Although the Fund came into existence at an international economic conference, it is an American creation managed by American appointees, manipulated by U.S. Treasury officials, and built on the foundation of the U.S. dollar, the primary world reserve currency.

His critique is both economic and ideological. IMF officials may call for privatization, fiscal restraint, anti-corruption measures, or monetary reform, and Sennholz concedes that some of these recommendations are sound. But he objects that they are enforced through subsidized credit rather than market discipline. The Fund therefore mixes reform rhetoric with moral hazard: it protects governments and lenders from the full consequences of prior monetary, fiscal, and political mistakes.

When their appeals to reason and propriety are not heard, their power of persuasion with billion-dollar loans is clearly felt throughout the developing world.

Sennholz is especially critical of IMF advice that presses low-tax countries toward the fiscal patterns of welfare states. In his Guatemala example, a recommendation for higher revenue becomes evidence that the Fund exports redistributionist assumptions under the language of stabilization.
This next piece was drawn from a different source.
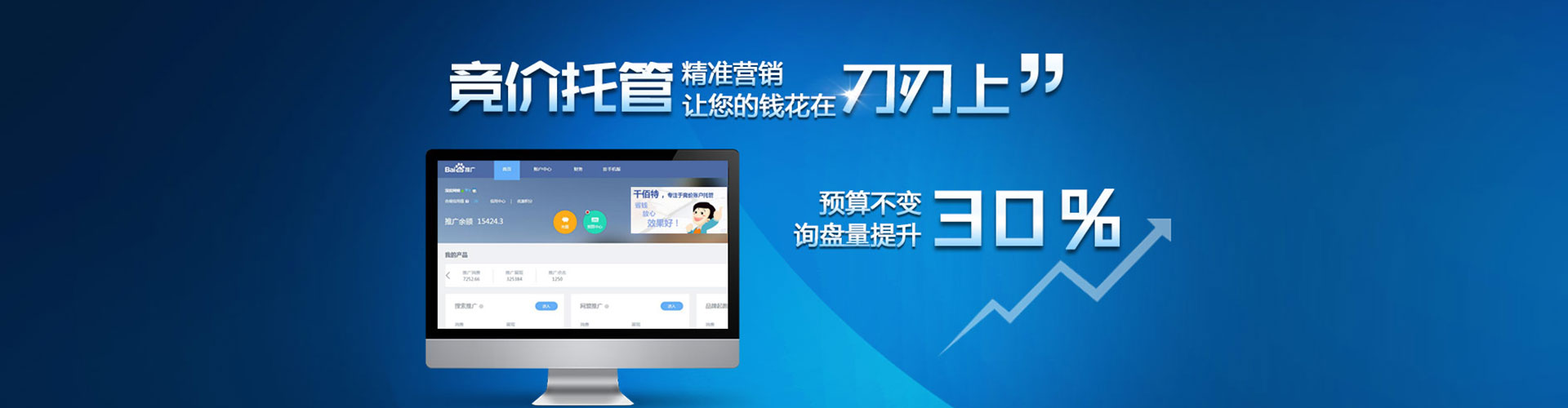 孝昌百度推广开户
Indonesia supplies the practical case: military privilege, monopolies, subsidies, price controls, and currency collapse cannot be cured by a large rescue package if the underlying political economy remains intact.
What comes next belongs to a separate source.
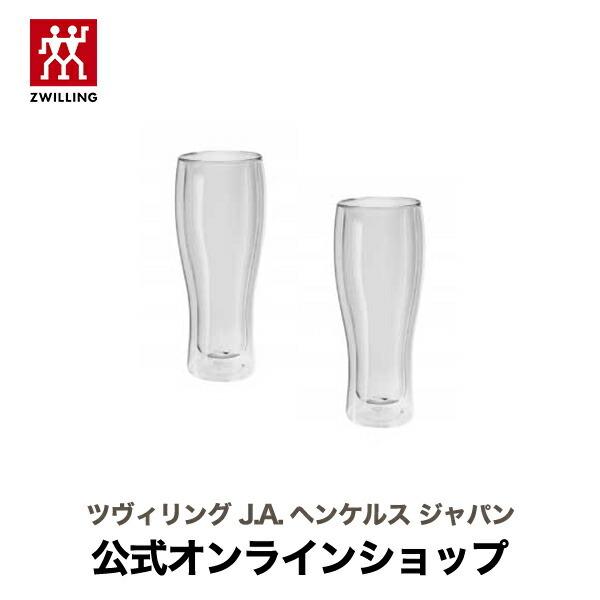 日本製 ツヴィリング ソレント バー ビアグラス 2pcs セット |グラス ガラス 二層 二重構造 耐熱ガラス ビールグラス 食器、グラス、カトラリー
The theoretical core of the essay is that crisis is the necessary correction after credit expansion and exchange-rate manipulation have misdirected production and finance. Bailouts delay liquidation, preserve unsound arrangements, and teach borrowers and lenders to expect rescue. Against this, Sennholz calls for lower taxes, balanced budgets, freely adjusting interest rates, honest monetary institutions, and the refusal to rescue failed financial managers.

His final argument is a moral-hazard indictment of the IMF’s very purpose. Since private lenders would not voluntarily lend to many crisis governments on ordinary terms, the Fund necessarily attracts the weakest borrowers and socializes their risks.

In other words, only unstable high-risk debtors may apply.

The essay’s enduring significance lies in its compact Austrian-style critique of sovereign bailouts: monetary intervention creates distortions, international rescue prevents correction, and political lending replaces market judgment. For Sennholz, the IMF does not solve financial crises; it perpetuates the institutional conditions that make them recurrent.